I multitude, I tyrant,
I angel. I you, you
world, battlefield (16-19)
Importantly, the segmentation of the self occurs as a part of interconnection, where the second-person “you” of the reader is enjambed and enmeshed with the speaking subject. Here the common of the “world” is a clash, a cleaving of subjectivity on a battlefield that provokes the reader to recognize his or her subjectivity alongside his or her place in the “public sphere,” to recall Narbeshuber. It is precisely this interconnection that Keith Norris gestures toward, but fails to note outright, when he discusses the politics of Levertov’s “shifting, changing nature of the subject/poet/speaker,” which attempts to maintain a point of view while necessarily moving with perception (346). Additionally, it is interesting to note that the four “I”s back-to-back recall Sylvia Plath’s “Ich ich ich ich” in “Daddy,” reminding us again of the feminine poetic interest in linguistic subjectivity and its complications.
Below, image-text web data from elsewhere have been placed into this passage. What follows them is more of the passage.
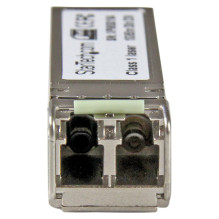 „StarTech.com“ SFP10GSRST tinklo siųstuvo-imtuvo modulis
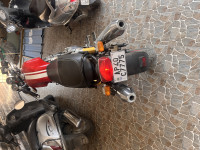 Royal Enfield 2023 Continental GT 650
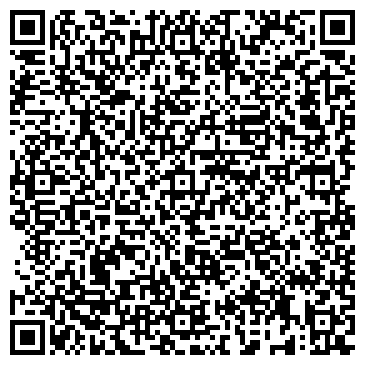 QR-код с контактной информацией организации "Царицынская опера"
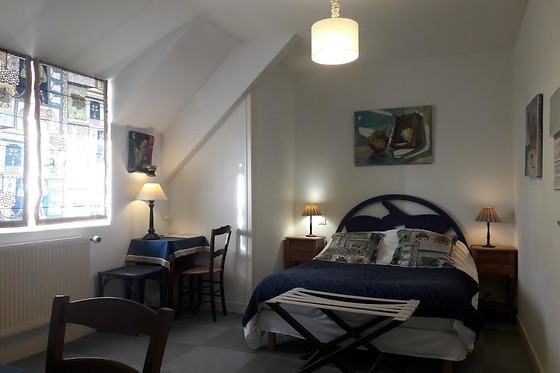 Relais du Quercy - photo 3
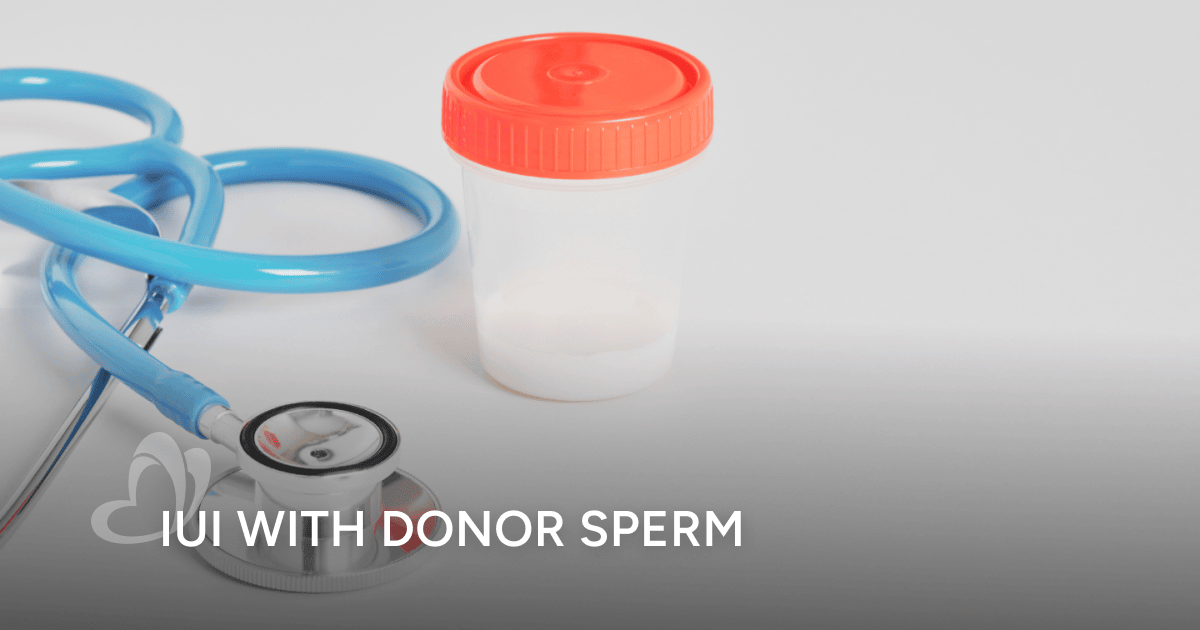 Ginnesning rekordlar kitobida porno Omma oldida qattiq jinsiy aloqa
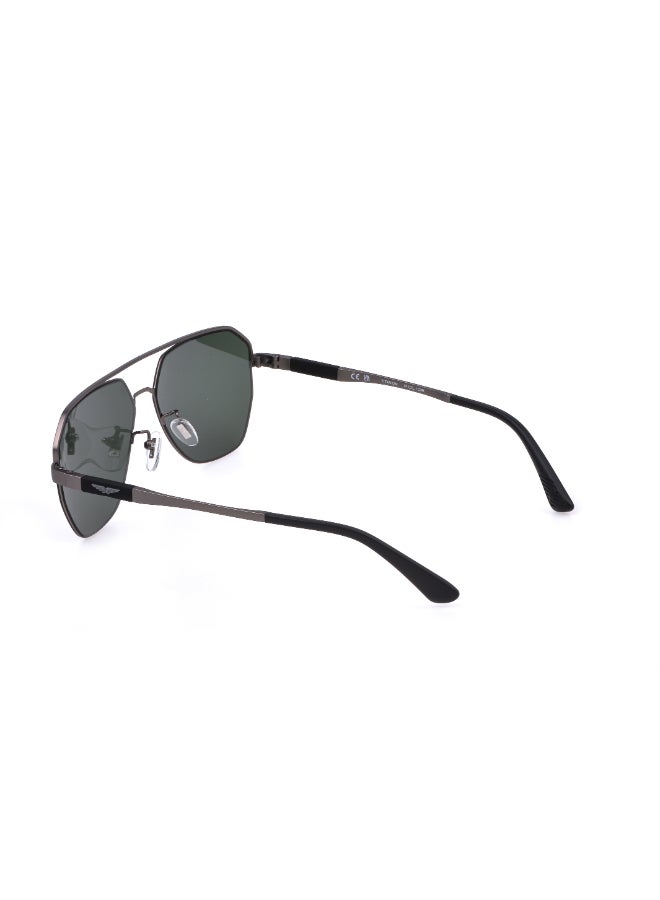 POLICE Sunglasses SPLP30M - Image 4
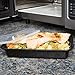 Premium budget-friendly durable reusable food containers w/ lids and 10 sauce cups w/ lids leak-resistant bpa-free microwavable dishwasher safe stackable storage meal prep to-go convenience 10-pack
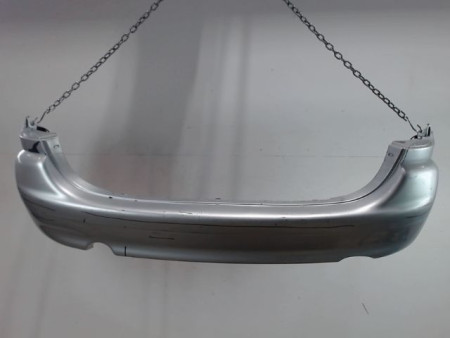 PARE-CHOC ARRIER CITROEN XSARA PICASSO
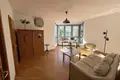Appartement 3 chambres 100 m² en Krobia, Pologne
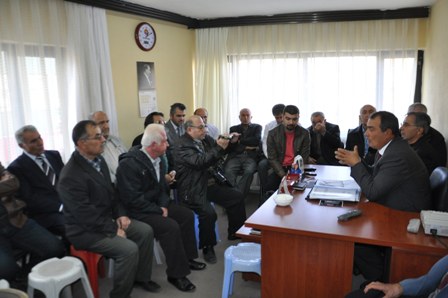 chp-ilce-orgutu-ataturk’-u-andi-(2).jpg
Returning to The Jacob’s Ladder, the most striking, and most political, example of this cleaving of the monadic self appears in what is perhaps the collection’s most famous and most frequently anthologized poem, “During the Eichmann Trial,” where Levertov meditates on the war crimes trial of former SS officer Adolf Eichmann. In light of Duncan’s eventual criticisms of Levertov’s overtly political work, one might expect this piece to reek of dogmatism, but it is actually a striking example of the ways that Levertov’s position as gendered Other in a vastly male-dominated school of poetry afforded her the opportunity to engage the personal politically, and to do so in a manner that brings to light the radical potentials of selfhood and its possible permutations. “During the Eichmann Trial” begins with an epigraph from Duncan which reads “When we look up / each from his being,” and suddenly the masculine pronoun offends. I do not mean to suggest that the poem is purposefully or overtly feminist, but rather that Levertov’s position as one of the few women at Black Mountain, or one of the two brought in to speak at the 1963 Vancouver Poetry Conference, afforded her a position as outsider, and one for him the minimally egoic was less available, and even less alluring. Instead, the poem speaks from an “I” that is forced to confront her inherent connection with Eichmann by virtue of the humanity of both. The first page of the poem contains the strikingly bolded lines:
Here is a mystery,
a person, an
other, an I? (“i When We Looked Up” 16-8)
Linked by humanity, and by an apparently natural desire to ignore and to obey, Levertov’s speaker faces a connection with Eichmann, a man she finds abhorrent, but with whom her subjectivity eventually becomes enmeshed, first through pronouns (“he, you, I, which shall I say?”), then through identification (“we are members // of one another.”) So, when the “windows of history” are smashed near the poem’s end, Levertov takes subjectivity with it. “During the Eichmann Trial” still preaches in some form; it teaches its readers the importance of conviction rather than blind obedience, and it reminds us all of our communal responsibility to each other. And, with its reliance on images of “looking up” and watching the trial (watching other humans, looking into their eyes), it also relies quite heavily on a predetermined speaking/writing point-of-view. But, it also works in some small way to dismantle subjectivity, to smash it like a window until it stutters again with its “I, I, I, I.” A self, to be sure, but always in fragments, and thus not minimally egoic, but multiply so; a rhizomatic public sphere in which we as selves collide into responsibility like the molecules we are.